For the first time, after more than a century, Columbus will vote for district candidates in November. But as activists have repeatedly argued, there’s nothing district about it. Candidates must live in one of the nine geographically designed districts as each has roughly 100,000 residents. However, the November 7 vote is citywide, and representation will remain “at-large.”
“If it were just my district to win I’d have a huge chance of winning,” said City Council candidate Adrienne Hood who’s running in District 4, which includes large swaths of the Northside, parts of Clintonville, North and South Linden, and also the street where undercover Columbus police shot and killed her son.
Last decade, three citizen-led initiatives sought true districts, also known as wards, through the ballot, but all lost. In 2016, Issue 1 was championed by the group Everyday People For Positive Change. They were soundly defeated by Columbus voters after a $1.1 million corporate-funded ad campaign by City officials.
No doubt “The Columbus Way” was more than alarmed. Because Everyday People For Positive Change had a legitimate reason for true districts: “We’re saying that ‘at-large’ has hurt significant portions of the city by not having adequate representation in the places that need it the most,” said spokesperson David Harewood to WOSU at the time.
Two years later in 2018, Mayor Andy Ginther, Councilmember Shannon Hardin, and other City officials put their own charter amendment on the ballot creating districts and it won. Even though the NAACP’s Legal Defense Fund formally rejected the proposal, stating that “under this electoral method, the voting strength of Columbus’ Black community is significantly weakened.”
Affordable housing activist Jonathan Beard of the Eastside, who also co-led Everyday People For Positive Change, believes the 2018 charter amendment was “designed cynically” by Hardin “as a ballot diversion which voters unexpectedly approved”.
“Columbus City Councilmembers should be elected by district, just like in every other big city in America. This fake district model is used only in Reno and Sparks, Nevada and Tucson, Arizona. It is nothing resembling a ‘best practice’ worth emulating,” said Beard. “In fact, when the last [Columbus] charter commission was recommending this, it was being sued under the Voting Rights Act in Tucson, which had caused the Nevada State Legislature to begin drafting new charters for Reno and Sparks.”

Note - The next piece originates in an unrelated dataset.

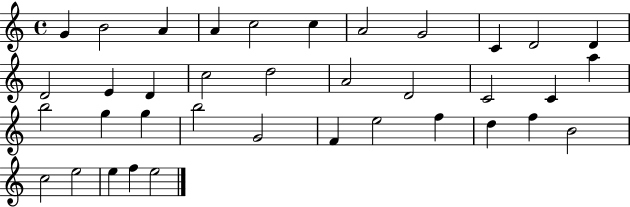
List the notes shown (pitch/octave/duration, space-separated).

Since 1985, 90 percent of Councilmembers were appointed and later won as incumbents. Telling and disturbing is how only one Black candidate, Republican Jennette Bradley, was elected to City Council in recent history (1991).
“This is clearly bullshit, creating the illusion of Black political representation,” says Beard. “Appointing Black candidates to Council so they can run as incumbents with party support and business financial backing.”
Activist Black candidates for Columbus City Council – or any activist candidate for that matter – seemingly don’t have a chance to ever win. When asked who was the last activist candidate to win a seat on City Council, several sources told us they don’t know. Complicit is the Franklin County Democratic Party, which also hasn’t endorsed or put an activist candidate on their sample ballot in recent memory, if ever.
Yet activist candidates continue to try, and Adrienne Hood is the latest, and as mentioned, running in District 4. Also running for District 4 is incumbent Emmanuel Remy, but remember the vote is citywide.
Remy, a realtor by trade, was appointed (not elected) to City Council in 2018. Before this he served as president of the Northland Community Council for six years. According to Beard, in his very first City Council meeting Remy voted to support the current district system. His vote put Hardin’s “fake districts” on the 2018 ballot.
In District 4 (pictured above) the Black population is 46 percent compared to 33 percent white. Hood, a retired air force Master Sergeant, is “most passionate about public safety, mental healthcare, affordable housing, and public education,” states her campaign website. Remy, as Chair of the Environment Committee, created the Cleaner Columbus Initiative in 2019, to combat litter with help from Scarlet the Litter Cardinal.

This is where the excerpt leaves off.